By David Uberti

Lawyers for TikTok are pushing to settle a lawsuit in Illinois alleging the video-sharing app improperly collects data from its users, many of them underage, as its Chinese parent company closes in on a deal with Oracle Corp.

President Trump issued an executive order in early August giving parent company ByteDance Ltd. 45 days to sell TikTok's U.S. operations to an American company or face a ban. The deadline put more pressure on the company to resolve the suit before a potential sale, and attorneys have been discussing a settlement in recent weeks, according to court filings and three lawyers involved in the case.

A deal could help TikTok avoid a potentially long and expensive case exploring whether it unlawfully records minors' personal information, including by scanning their faces, to bolster development of artificial-intelligence technologies in China and feed a recommendation engine seen as key to the app. The algorithm has become a sticking point in sale talks despite little understanding beyond TikTok of how it works.

Whether TikTok's algorithm will be included in any deal couldn't be learned. A representative for Oracle declined to comment on the pending deal.

"It's next to impossible to know what any given company is doing on the back end," said Shuman Ghosemajumder, head of AI at F5 Networks Inc. Upstarts like TikTok have more flexibility to innovate how they collect and analyze information than older social-media platforms, which tend to stick with tried and true methods, he said.

"There's an advantage that they have on that front, which is that you don't get stuck in an old mind-set based on what old data used to do," Mr. Ghosemajumder said.

TikTok's data practices have come under increasing legal and political scrutiny since the Trump administration's executive order in August. Just days earlier, about 20 class-action lawsuits on behalf of young users in states including California and Illinois merged into a single case in the U.S. District Court for the Northern District of Illinois.
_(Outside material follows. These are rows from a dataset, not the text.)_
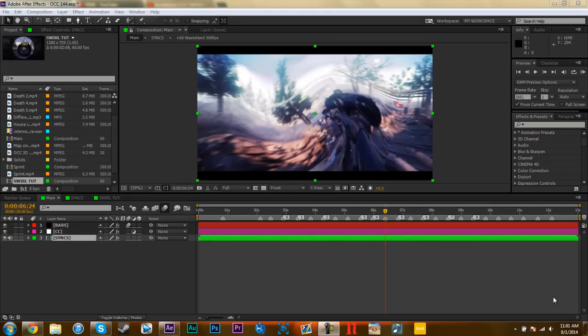Hey what's going on YouTube, it's Cool Ninja Guy here. What I want to show you all today is the swirl effect I guess is what I'll call it. I did it in my OCC 144 entry called Incredible.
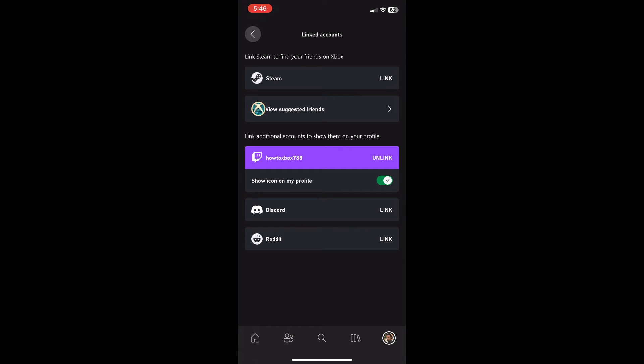You can basically turn it on to link it and show your followers or people that are going to follow you that you are a Twitch streamer or you're on Discord or you're on Reddit and so on. This will basically update to your console since you're updating your Xbox profile through the Xbox app.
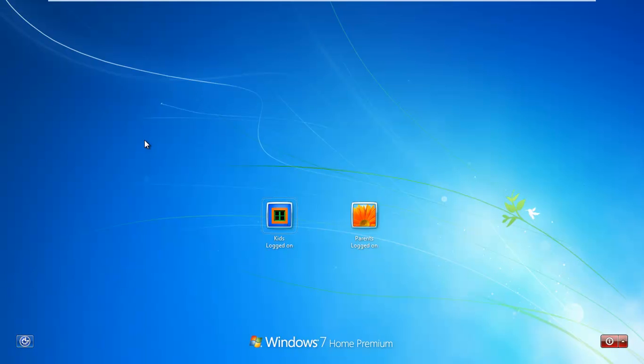So in this setup, you have a kid's logon or an employee logon, and you have a parent's logon, or you can think of it as an IT admin, boss kind of logon.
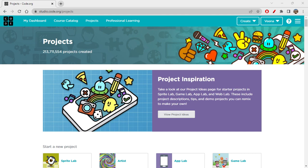Hi folks, how are you all doing today? I'm back with a brand new video. Today we are discussing about creating another new pattern, and we are doing it on Artist Lab. This is now a familiar lab for us — we have been doing a few sessions here so far.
Many of the suits, filed on behalf of users as young as 8 years old, allege that surreptitious use of facial-recognition technology and other biometric data was a key ingredient to TikTok's secret sauce. The complaints claim that TikTok sends user data to Chinese servers and quietly collects "voiceprints" and "face geometry scans" to recommend content based on users' age, race and physical attractiveness.

Collecting users' biometric data without consent carries the risk of huge financial penalties under Illinois's strict biometric privacy law, said Matthew Kugler, a Northwestern University law professor. Facebook Inc. agreed this year to a settlement of at least $550 million in a class-action lawsuit accusing it of wrongfully deploying facial-recognition tools on Illinois residents.
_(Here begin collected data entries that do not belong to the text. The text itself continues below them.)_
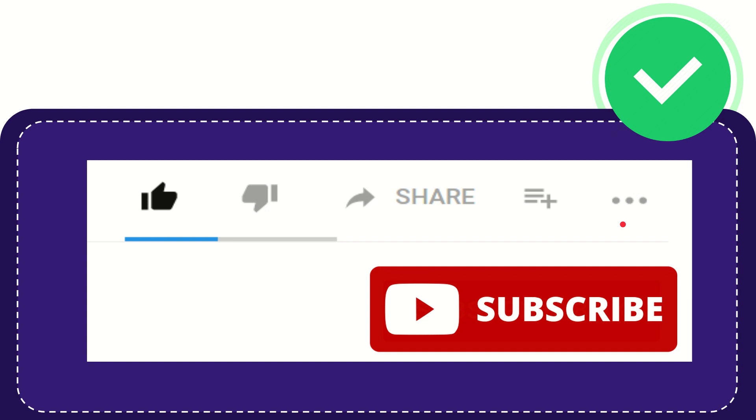And yeah, don't forget to subscribe. I think that's all of it. Thank you so much for watching this video and see you again in another video. Bye bye. See you again.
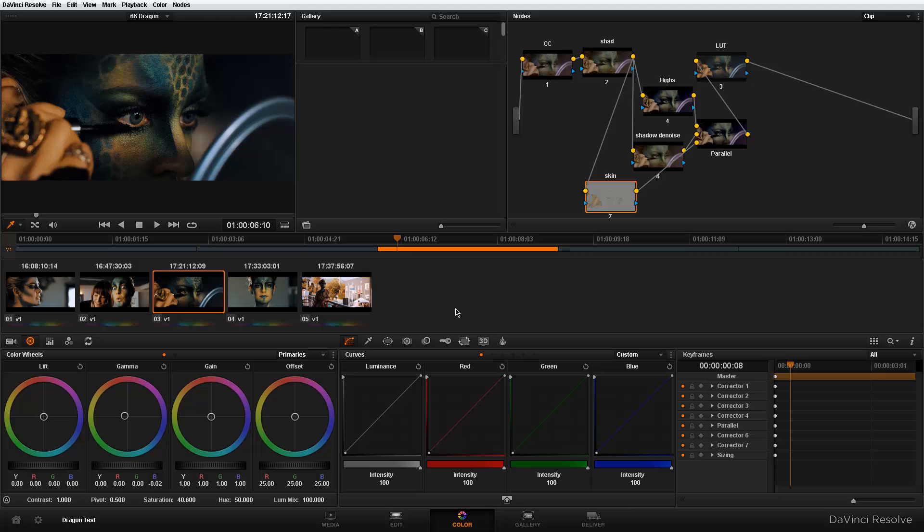And it basically takes your image, your digital image and does some magic to it. I don't want to go through a whole explanation but it's able to take your digital image and let it emulate a certain film stock whether from Kodak, Fujifilm, etc.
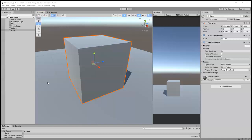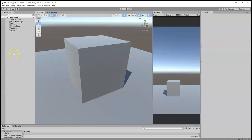Today in this video, I'm going to quickly show you how you can add colliders to a 3D GameObject in Unity.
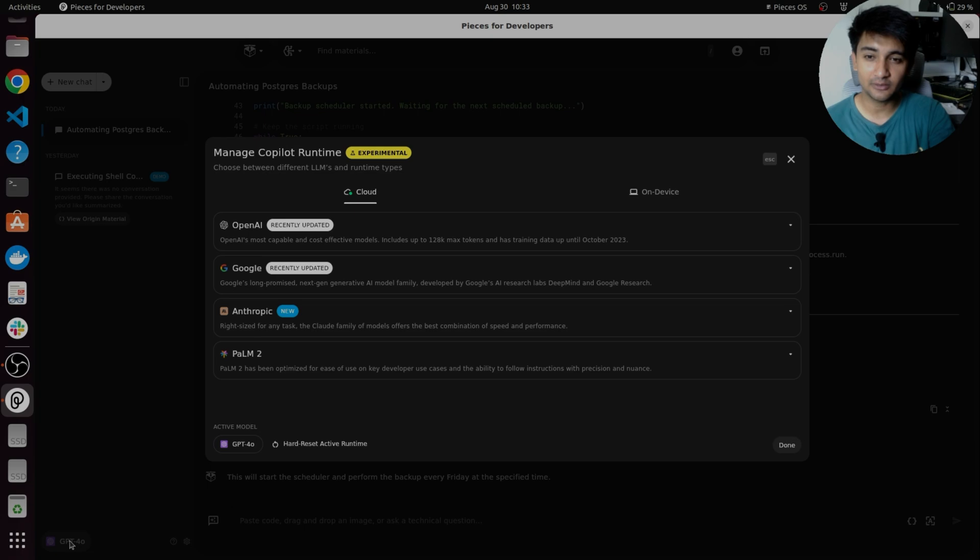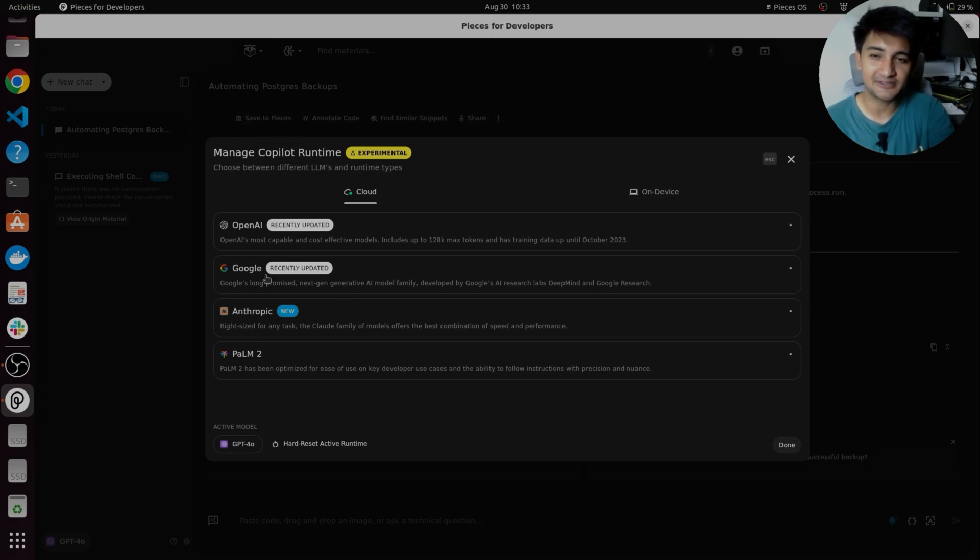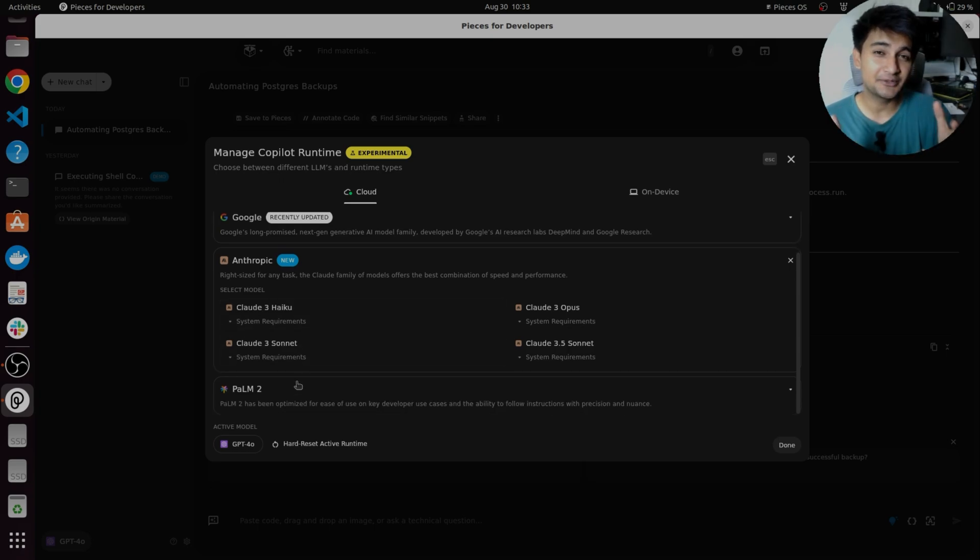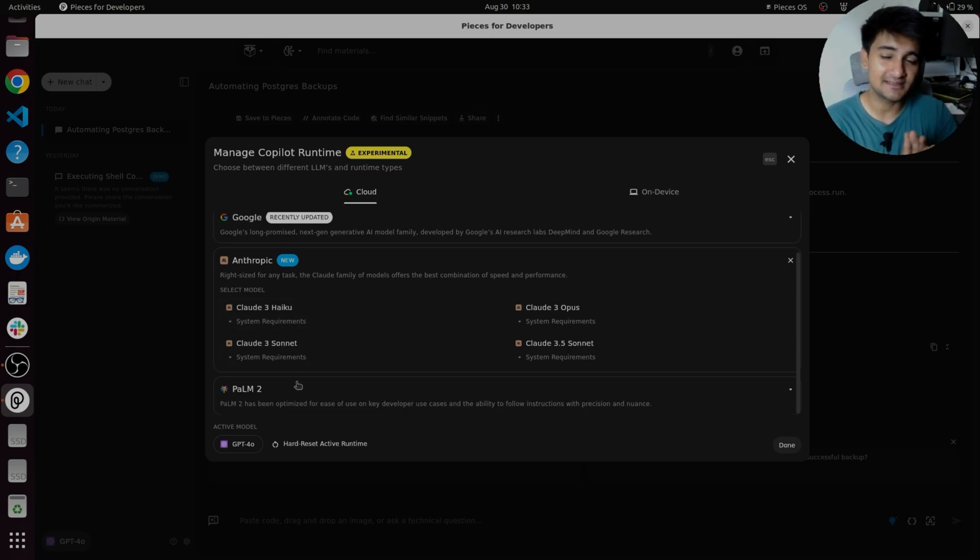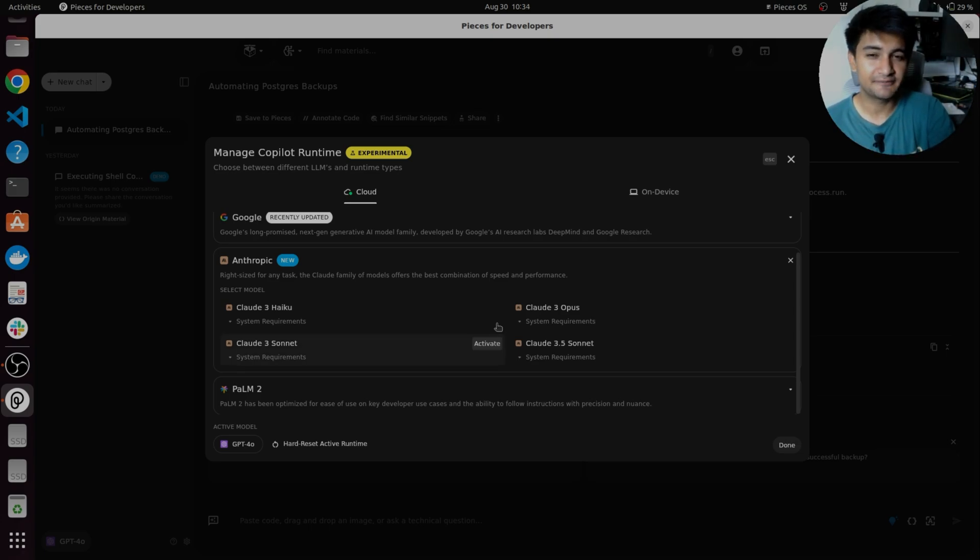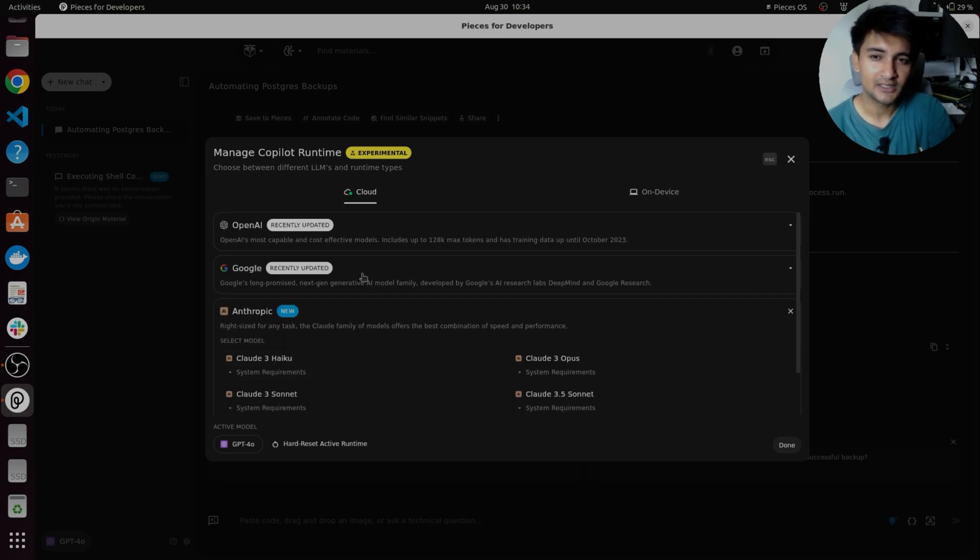But you can always change it to use AI models from Google, from OpenAI, from Anthropic, like Claude, or from Palm 2 as well. When using ChatGPT, you often get wrong results. This is why you can use pieces where you can compare results from different AI models.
If TikTok is using such technology on users without proper notice, Mr. Kugler said, "they're potentially facing a lot of liability." He added that the Illinois statute doesn't differentiate between underage and adult users.
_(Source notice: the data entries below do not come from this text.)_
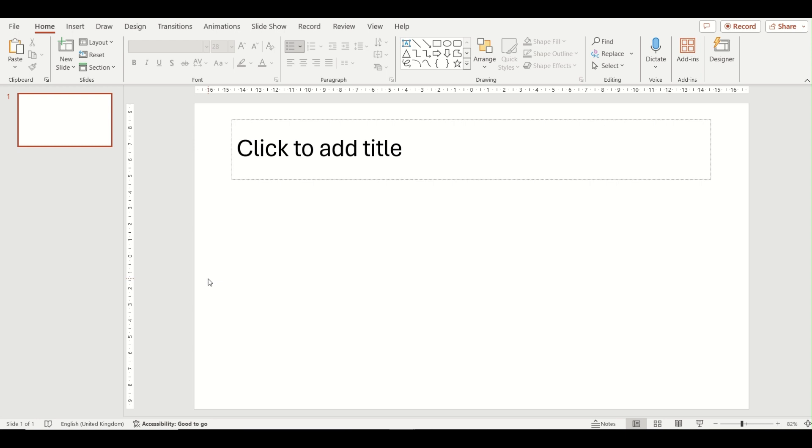So we are going to go through some examples now that you can use and different ways in which you can insert them. The first we are going to look at is the process diagram and there are two ways in which you can insert this into your PowerPoint presentation.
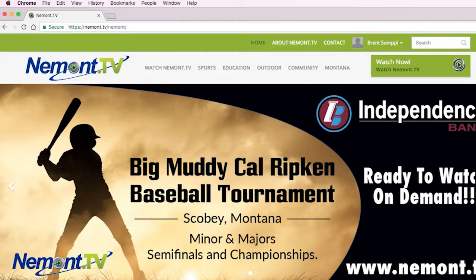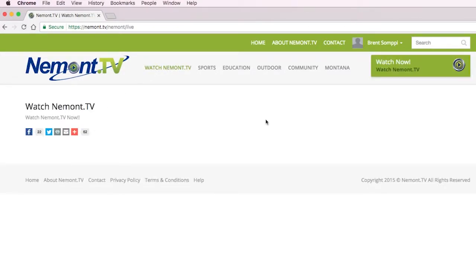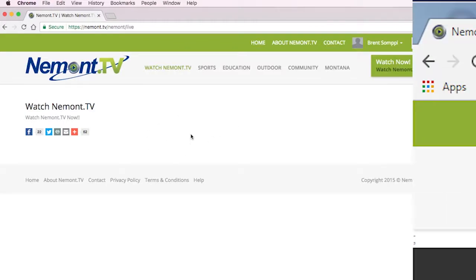We've heard some issues with users having troubles with Google Chrome getting the live feed of Niemont.tv to work. If you click Watch Niemont.tv and this page pops up with no video, it's a very easy fix.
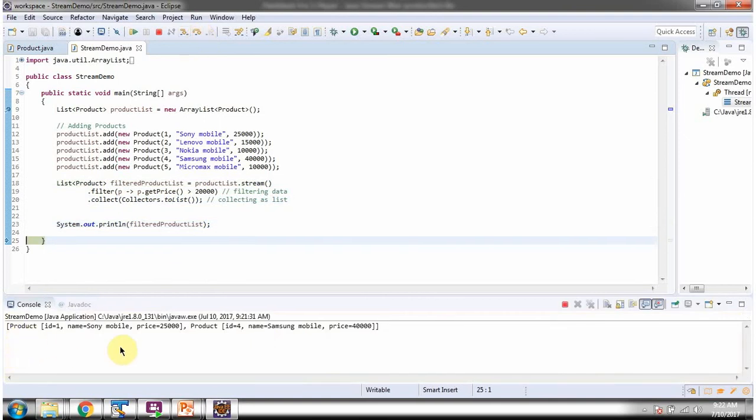And here you can see the filtered product list whose price is greater than 20,000.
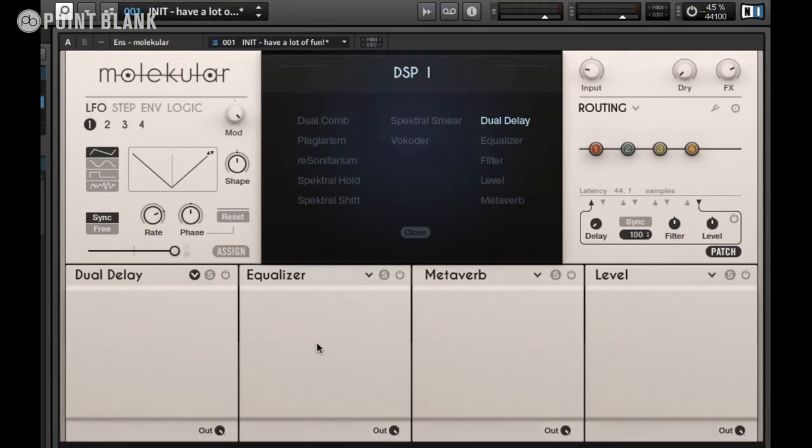Hi, I'm Dan Herbert from Point Blank Music School. In this fourth Molecular tutorial we'll be looking at some of the phenomenal processing capability which Molecular has to offer, and also look at some of the key features common to specific effects. Let's jump in and take a look at some of the spectral-based effects.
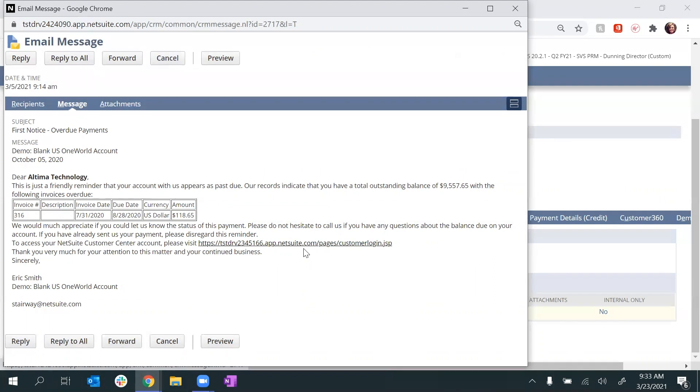There's also a link in the body of the email to the customer center, which is a portal where my customer can pay and view invoices.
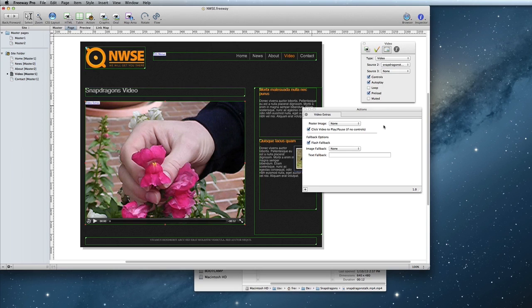And that's it! Using HTML5 video in Freeway 6 is really simple. It's just a matter of making sure you have an H.264 video and drag and dropping it into Freeway.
Lawyers for TikTok said in court filings that the app doesn't collect biometric data such as voice recordings and face scans. Company representatives have previously said that TikTok doesn't share user data with the Chinese government. The company couldn't be reached for comment Monday.

A settlement could include a pot of money for the plaintiffs and potential changes to TikTok's practices, according to three lawyers involved in the case. It could be finalized this fall, they said.

--Angus Loten contributed to this article.